U.S. Historic district – Contributing property
- Designated: April 24, 1997

D.C. Inventory of Historic Sites
- Designated: November 8, 1964

= Rawlins Park =

Park in Washington, D.C., U.S.

Rawlins Park is a rectangular public park in the Foggy Bottom neighborhood of Washington, D.C., two blocks west of the White House grounds and two blocks north of the National Mall. The boundaries of the park are 18th Street NW to the east, E Street NW to the south and north, and 19th Street NW to the west. The park was an undeveloped open space for many years, until plans were made to install the statue of John Aaron Rawlins in 1874. Various improvements were made, but the area surrounding the park remained mostly undeveloped. This changed in the 1890s when the area was cleared of marshes, and houses were built on the park's southern border.

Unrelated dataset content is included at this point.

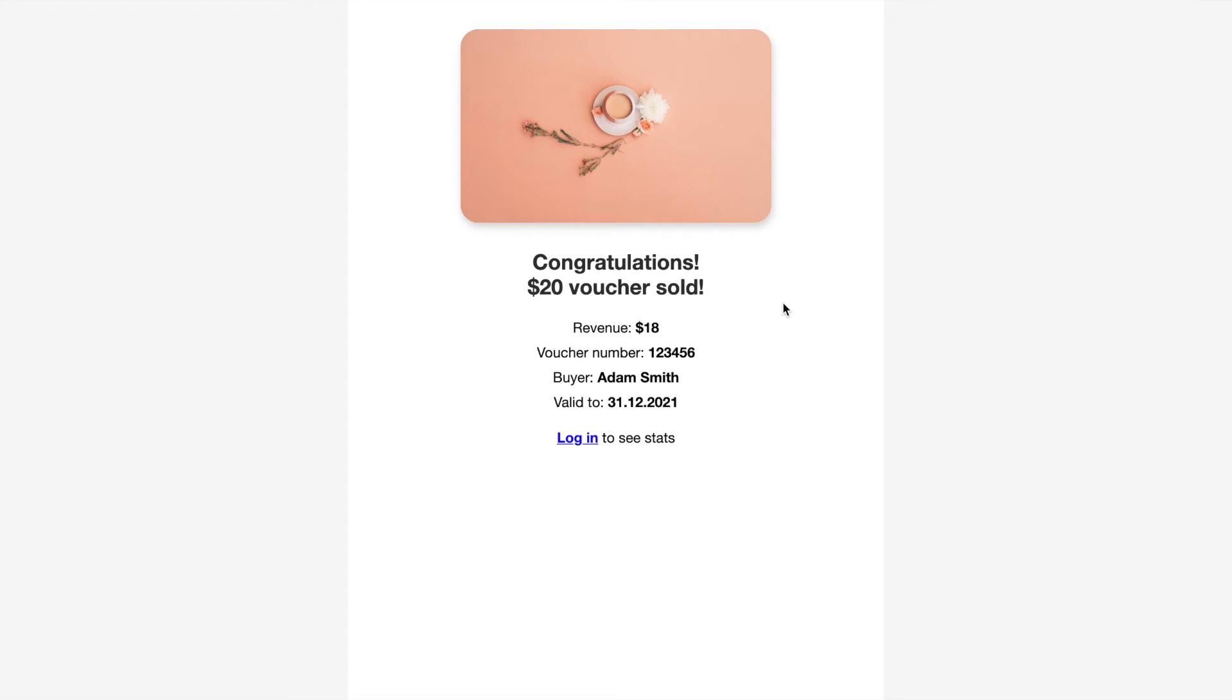You receive an email confirmation that a voucher has been sold and in order to see more detailed statistics on your voucher sales you can log back in at lunchnext.com.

The first time the statue of Rawlins was moved occurred in the 1880s, but by 1931, it was returned to the park and has been there ever since. A major development in the park's history came in 1915 when the Interior Department selected the lot on the north side of the park to be its new headquarters. The building was later renamed United States General Services Administration Building after a larger building, the Main Interior Building, was built on the south side of the park in the 1930s. A tunnel runs underneath the park, connecting the two buildings.

The park, which is managed by the National Park Service, encompasses almost 1.5 acres (0.6 ha), and is 150-feet (46 m) wide and 450-feet (137 m) long. There were plans to extend a line of parks similar to Rawlins Park all the way to the Old Naval Observatory, but the only one built is the Walt Whitman Park, located on the Rawlins Park's western edge. In addition to the statue of Rawlins, the park features a central marble fountain with a rectangular pond on each side. One of the redesigns that took place in the 20th-century involved transforming the park from residential to commercial, so office workers have a place to gather outside.

The statue of Rawlins is one of eighteen Civil War Monuments in Washington, D.C., that are collectively listed on the National Register of Historic Places (NRHP) and the District of Columbia Inventory of Historic Sites (DCIHS). The park itself is also a contributing property to the L'Enfant Plan, which is also listed on the NRHP and DCIHS.

==Location and features==
===Location===
Rawlins Park is rectangular, measures 1.44 acres (0.58 ha), and is located in the Foggy Bottom neighborhood of Washington, D.C. The park is bounded by E Street NW on the north and south sides, 18th Street NW on the east side, and 19th Street NW on the west side. New York Avenue NW terminates once it reaches 18th and E Streets NW. Another park, Walt Whitman Park, is located across the street from the 19th Street side.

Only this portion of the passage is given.